[Rarebooks] fa: MRS. MIDNIGHT'S ANIMAL COMEDIANS - 1753 Engraved SINGERIE/Satirical Print

Ardwight Chamberlain ardchamber at earthlink.net
Tue Nov 18 10:14:08 EST 2014


Listed now, auction ending Sunday, November 23. More details and images can be found at the URL below or by searching under the seller name arch_in_la.

http://tinyurl.com/lcew2ub

Thanks,
Ardwight Chamberlain
L.A.

John June (artist): Mrs. Midnight's Animal Comedians. To you dear Friends we hold th' instructive Glass / That ye may see your Shadows as yes pass. [London:] Publish'd according to Act of Parliament, 1753. "J June del. sc." etched at the bottom-left of the image. Copper-engraved print, measuring 345 x 242 mm (13.5 x 9.5 in.). Trimmed to the plate mark, mounted on backing; evenly browned with a few small spots. BM 1851,0308.447.

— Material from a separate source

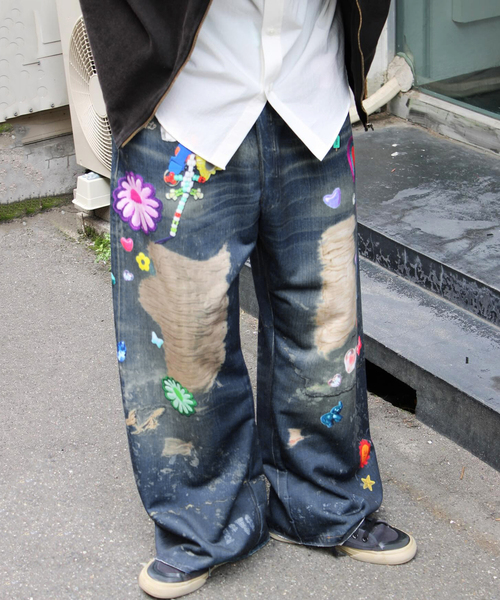 WISM（ウィズム）の「TOY DEVIL / トイデビル Transfer Print Sweat Pants Den（スウェットパンツ・メンズ・その他・2）」の2枚目の写真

A rare and charming example of eighteenth-century singerie (French for "monkeyshines"), a genre in which monkeys are depicted as aping human behavior, most often "genteel" behavior, usually as a form  of gentle satire mocking the established social order. There are plenty of dogs here, too. The animals, dressed in the costumes of eighteenth-century London society, perform in ten scenes enacted within a stage-like proscenium divided by garlanded columns, including a "Grand Ballot[sic] Dance by the Dogs and Monkies," dog soldiers jumping over bundles of twigs to prove their agility, monkeys riding dogs "like Men on Horseback," and a large central scene depicting the "Besieging of a Town by the Dogs who are repuls'd by the Monkies within…" Two well-dressed gentlemen and a lady watch in amusement from a box at the right, the woman holding a playbill labelled "Inspector Nov 30," a visual clue that the engraving was a part of one of those vociferous literary and theatrical "paper wars" so typical of the time:

"Mrs. Midnight" was a pseudonym of the poet and satirist Christopher Smart (1722-1771) who, among other endeavors, published a "saucy" and popular magazine called The Midwife under that name. In it,  Smart, along with his friend and colleague Henry Fielding, carried on a long-running battle with John Hill, a self- (and poorly) educated hack who replied in kind via a regular column called the Inspector in the London Daily Advertiser, an "all but bogus" newspaper. In the November 30, 1752, number of the Inspector, Hill wrote a rapturous review of a show performed by a troupe of Piedmontese "Animal Comedians" which featured a reenactment of the Siege of Troy, among other feats. Hill, who had previously panned a performance by Smart's friend, the actor Henry Woodward, hinted that the animals were the better performers. Smart and his friends responded by publishing A Letter from Henry Woodward Comedian… to Dr. John Hill, lampooning the latter as a jealous, illiterate hireling with a waddling gait, and calling him a dog and a monkey himself. Hill then counterattacked in his Inspector column and the fracas rumbled on and on, culminating in the publication of Smart's mock epic poem The Hilliad. To complicate a messy business even further, during this time Smart wrote, staged and appeared in a musical burlesque, The Old Woman's Oratory, in which he played the role of "Mrs. Midnight" and in which the same troupe of "animal comedians" also performed. It was not to everyone's taste (Horace Walpole described it as "the lowest buffoonery in the world") and Smart's enemies, including Hill, used its crudity to undermine Smart's reputation as a religious poet. It's not immediately apparent which side of the feud this print is on; it might well have been commissioned by the proprietors of the Animal Comedians in order to capitalize on the brouhaha. The artist, John June (fl. 1740-1770), was an engraver and book illustrator known both for the minuteness of his style and, contrarily, the unusually large size of many of his works, e.g. The Death of Fox.